Three Imaginary Girls

Seattle's Indie-Pop Press – Music Reviews, Film Reviews, and Big Fun

I first saw Sean Horton, otherwise known as DJ Nordic Soul, perform at the Moderat/Truckasaurus show last month and really felt that his DJing was one of the highlights of the entire gig. He transitioned from slow and easy to bass-thumping rhythms, spinning treasures like Gui Boratto, Mu, Justice and Modeselektor. With that listing of tracks, I think I’ve found my DJ of choice in Mr. Nordic Soul.

Last year The Field, aka Axel Willner, packed Chop Suey with sweaty dancing bodies in support of his abso-fucking-lutely stellar ’07 release From Here We Go To Sublime. I had a second opportunity to see him at Nectar last night in support of the Juan MacLean, and while the intensity of the show wasn’t up to par from his previous Seattle performance, he was an apt supporting slot for DFA disco-queens The Juan MacLean.

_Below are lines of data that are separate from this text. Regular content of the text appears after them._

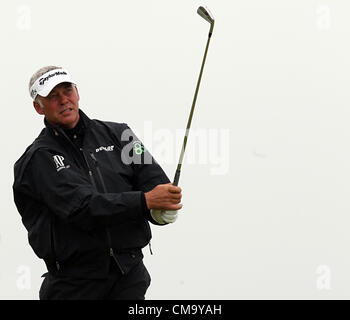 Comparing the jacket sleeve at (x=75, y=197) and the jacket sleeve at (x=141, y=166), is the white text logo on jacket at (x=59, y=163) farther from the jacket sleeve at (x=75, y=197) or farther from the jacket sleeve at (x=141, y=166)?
the jacket sleeve at (x=141, y=166)

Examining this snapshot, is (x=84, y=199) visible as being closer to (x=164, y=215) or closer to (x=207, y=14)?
(x=164, y=215)

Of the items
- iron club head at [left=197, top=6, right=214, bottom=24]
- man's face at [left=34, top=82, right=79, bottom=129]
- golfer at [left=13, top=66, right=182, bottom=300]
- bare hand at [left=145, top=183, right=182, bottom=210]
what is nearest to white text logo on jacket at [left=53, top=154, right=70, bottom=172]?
golfer at [left=13, top=66, right=182, bottom=300]

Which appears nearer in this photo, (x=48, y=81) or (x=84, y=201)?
(x=84, y=201)

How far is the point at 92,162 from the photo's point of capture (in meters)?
1.40

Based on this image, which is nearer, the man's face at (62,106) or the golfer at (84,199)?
the golfer at (84,199)

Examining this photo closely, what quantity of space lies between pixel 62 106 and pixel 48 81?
2.9 inches

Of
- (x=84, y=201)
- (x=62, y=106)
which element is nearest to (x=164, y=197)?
(x=84, y=201)

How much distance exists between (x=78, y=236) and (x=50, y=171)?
0.58 ft

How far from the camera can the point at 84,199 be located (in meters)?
1.28

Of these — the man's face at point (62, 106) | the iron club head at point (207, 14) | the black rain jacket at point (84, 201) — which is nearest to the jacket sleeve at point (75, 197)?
the black rain jacket at point (84, 201)

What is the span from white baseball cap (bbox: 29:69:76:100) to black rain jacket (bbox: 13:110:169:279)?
0.09 metres

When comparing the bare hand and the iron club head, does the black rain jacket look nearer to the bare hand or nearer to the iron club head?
the bare hand

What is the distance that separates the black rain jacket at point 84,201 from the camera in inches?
50.3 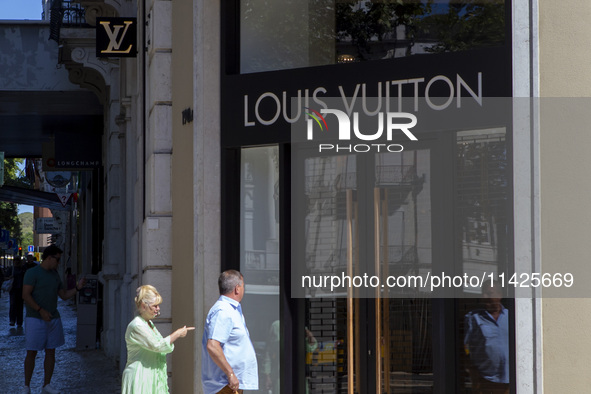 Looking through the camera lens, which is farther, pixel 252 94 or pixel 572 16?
pixel 252 94

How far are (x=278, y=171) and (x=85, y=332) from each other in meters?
10.4

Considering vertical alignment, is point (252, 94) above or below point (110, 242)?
above

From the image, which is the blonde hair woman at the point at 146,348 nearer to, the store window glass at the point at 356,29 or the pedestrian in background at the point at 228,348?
the pedestrian in background at the point at 228,348

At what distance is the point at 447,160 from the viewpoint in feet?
25.6

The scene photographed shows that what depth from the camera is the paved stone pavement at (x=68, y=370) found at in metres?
12.8

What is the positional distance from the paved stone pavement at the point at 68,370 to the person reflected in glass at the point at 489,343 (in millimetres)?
6087

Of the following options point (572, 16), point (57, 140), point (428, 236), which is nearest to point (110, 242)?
point (57, 140)

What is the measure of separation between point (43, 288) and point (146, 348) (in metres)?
4.88

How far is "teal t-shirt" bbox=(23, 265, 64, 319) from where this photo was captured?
1207 cm

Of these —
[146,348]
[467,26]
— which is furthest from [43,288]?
[467,26]

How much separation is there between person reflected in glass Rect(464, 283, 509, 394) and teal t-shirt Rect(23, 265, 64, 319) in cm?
619

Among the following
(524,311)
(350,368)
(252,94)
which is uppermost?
(252,94)

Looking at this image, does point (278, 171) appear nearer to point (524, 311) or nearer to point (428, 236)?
point (428, 236)

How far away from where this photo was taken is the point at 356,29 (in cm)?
859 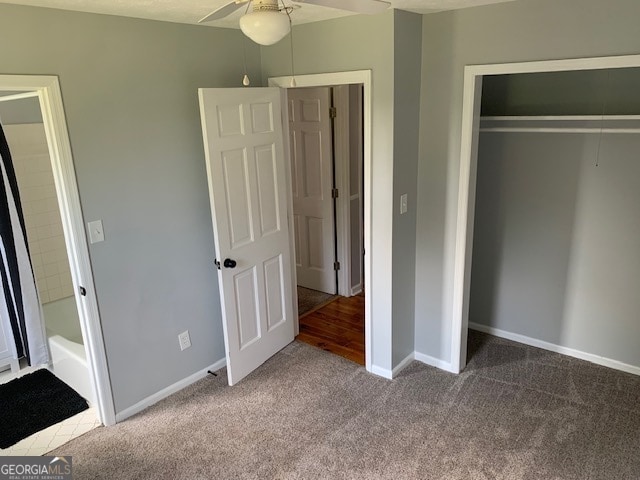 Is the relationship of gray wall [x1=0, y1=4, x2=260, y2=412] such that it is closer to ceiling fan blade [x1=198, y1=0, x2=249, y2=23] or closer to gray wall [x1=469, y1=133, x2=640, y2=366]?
ceiling fan blade [x1=198, y1=0, x2=249, y2=23]

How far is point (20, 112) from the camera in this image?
346cm

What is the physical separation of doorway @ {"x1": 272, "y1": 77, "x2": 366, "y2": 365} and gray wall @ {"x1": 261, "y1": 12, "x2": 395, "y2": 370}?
0.64 meters

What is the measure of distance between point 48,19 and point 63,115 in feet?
1.40

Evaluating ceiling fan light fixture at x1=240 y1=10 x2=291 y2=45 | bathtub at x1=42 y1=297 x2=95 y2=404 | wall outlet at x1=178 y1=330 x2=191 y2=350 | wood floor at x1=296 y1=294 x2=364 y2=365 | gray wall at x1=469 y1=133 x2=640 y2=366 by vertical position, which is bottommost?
wood floor at x1=296 y1=294 x2=364 y2=365

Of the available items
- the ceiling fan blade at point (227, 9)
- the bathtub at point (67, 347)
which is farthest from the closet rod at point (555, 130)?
the bathtub at point (67, 347)

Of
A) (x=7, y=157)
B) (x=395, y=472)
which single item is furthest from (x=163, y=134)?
(x=395, y=472)

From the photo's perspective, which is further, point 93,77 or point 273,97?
point 273,97

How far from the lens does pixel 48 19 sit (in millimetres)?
2252

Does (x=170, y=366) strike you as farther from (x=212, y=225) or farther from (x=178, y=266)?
(x=212, y=225)

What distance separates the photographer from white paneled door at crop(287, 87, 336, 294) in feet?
13.6

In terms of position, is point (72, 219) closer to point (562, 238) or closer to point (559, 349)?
point (562, 238)

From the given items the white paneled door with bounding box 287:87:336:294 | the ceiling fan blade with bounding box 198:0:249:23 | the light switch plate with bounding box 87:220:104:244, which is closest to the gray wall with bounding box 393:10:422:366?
the ceiling fan blade with bounding box 198:0:249:23

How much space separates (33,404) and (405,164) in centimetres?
273

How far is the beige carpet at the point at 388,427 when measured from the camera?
8.09 ft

Electronic music, especially blissed-out minimalist techno, isn’t usually much for the indie rock spotlight. Crossover dance-punk bands garner kudos of attention but artists like The Field rarely cross over into familiarity within those circles. The Field did that, and more (in part due to the glowing P4K review of their last album). The Field’s pool of influences runs deep and in no situation is that more evident than their live show. Wisps of My Bloody Valentine and Can reveal themselves amidst the straight 4/4 repetitiveness that makes his music so enrapturing.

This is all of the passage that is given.